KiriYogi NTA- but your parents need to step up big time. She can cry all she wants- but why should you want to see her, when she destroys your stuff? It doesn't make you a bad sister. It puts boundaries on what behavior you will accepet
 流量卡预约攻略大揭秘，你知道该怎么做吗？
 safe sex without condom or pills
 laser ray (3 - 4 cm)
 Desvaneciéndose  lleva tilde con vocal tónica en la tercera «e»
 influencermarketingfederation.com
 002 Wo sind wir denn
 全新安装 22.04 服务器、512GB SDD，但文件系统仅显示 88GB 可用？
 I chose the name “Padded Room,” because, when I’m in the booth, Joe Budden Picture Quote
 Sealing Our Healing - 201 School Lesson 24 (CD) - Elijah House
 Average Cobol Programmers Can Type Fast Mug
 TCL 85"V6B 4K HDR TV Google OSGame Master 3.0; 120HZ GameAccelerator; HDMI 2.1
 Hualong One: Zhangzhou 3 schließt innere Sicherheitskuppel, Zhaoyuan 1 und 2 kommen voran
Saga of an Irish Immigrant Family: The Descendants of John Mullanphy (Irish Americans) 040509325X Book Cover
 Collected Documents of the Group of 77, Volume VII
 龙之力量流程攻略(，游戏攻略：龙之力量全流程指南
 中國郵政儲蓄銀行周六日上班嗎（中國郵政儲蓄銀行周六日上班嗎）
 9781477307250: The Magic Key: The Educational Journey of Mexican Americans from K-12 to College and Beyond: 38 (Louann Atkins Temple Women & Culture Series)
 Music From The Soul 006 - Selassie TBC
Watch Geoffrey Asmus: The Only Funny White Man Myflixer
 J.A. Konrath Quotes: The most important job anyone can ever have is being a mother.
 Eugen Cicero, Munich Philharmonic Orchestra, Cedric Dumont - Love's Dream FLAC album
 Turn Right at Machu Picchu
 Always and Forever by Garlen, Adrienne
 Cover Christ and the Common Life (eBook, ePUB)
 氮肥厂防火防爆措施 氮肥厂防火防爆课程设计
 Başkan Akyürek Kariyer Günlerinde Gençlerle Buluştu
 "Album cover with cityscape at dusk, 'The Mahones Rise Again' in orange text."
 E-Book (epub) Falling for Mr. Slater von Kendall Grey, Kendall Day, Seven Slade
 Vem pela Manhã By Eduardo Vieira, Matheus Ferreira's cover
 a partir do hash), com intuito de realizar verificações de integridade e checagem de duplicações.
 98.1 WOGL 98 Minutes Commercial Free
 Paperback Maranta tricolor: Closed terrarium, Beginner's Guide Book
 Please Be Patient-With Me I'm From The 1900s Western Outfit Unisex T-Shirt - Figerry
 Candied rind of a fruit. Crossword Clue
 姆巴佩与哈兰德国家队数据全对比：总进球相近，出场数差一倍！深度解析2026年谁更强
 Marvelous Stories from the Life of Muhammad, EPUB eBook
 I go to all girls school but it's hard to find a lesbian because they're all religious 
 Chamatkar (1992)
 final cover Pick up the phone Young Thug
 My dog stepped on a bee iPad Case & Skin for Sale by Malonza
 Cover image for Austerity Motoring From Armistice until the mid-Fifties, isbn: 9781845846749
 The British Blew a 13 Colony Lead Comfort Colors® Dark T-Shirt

━━━━━━━━

◆ About this task:
A faithful copy of the lines from the line containing "Eugen Cicero, Munich" to the end of the data should be set down, both ends included, and nothing more.

◆ Answer to this task:
 Eugen Cicero, Munich Philharmonic Orchestra, Cedric Dumont - Love's Dream FLAC album
 Turn Right at Machu Picchu
 Always and Forever by Garlen, Adrienne
 Cover Christ and the Common Life (eBook, ePUB)
 氮肥厂防火防爆措施 氮肥厂防火防爆课程设计
 Başkan Akyürek Kariyer Günlerinde Gençlerle Buluştu
 "Album cover with cityscape at dusk, 'The Mahones Rise Again' in orange text."
 E-Book (epub) Falling for Mr. Slater von Kendall Grey, Kendall Day, Seven Slade
 Vem pela Manhã By Eduardo Vieira, Matheus Ferreira's cover
 a partir do hash), com intuito de realizar verificações de integridade e checagem de duplicações.
 98.1 WOGL 98 Minutes Commercial Free
 Paperback Maranta tricolor: Closed terrarium, Beginner's Guide Book
 Please Be Patient-With Me I'm From The 1900s Western Outfit Unisex T-Shirt - Figerry
 Candied rind of a fruit. Crossword Clue
 姆巴佩与哈兰德国家队数据全对比：总进球相近，出场数差一倍！深度解析2026年谁更强
 Marvelous Stories from the Life of Muhammad, EPUB eBook
 I go to all girls school but it's hard to find a lesbian because they're all religious 
 Chamatkar (1992)
 final cover Pick up the phone Young Thug
 My dog stepped on a bee iPad Case & Skin for Sale by Malonza
 Cover image for Austerity Motoring From Armistice until the mid-Fifties, isbn: 9781845846749
 The British Blew a 13 Colony Lead Comfort Colors® Dark T-Shirt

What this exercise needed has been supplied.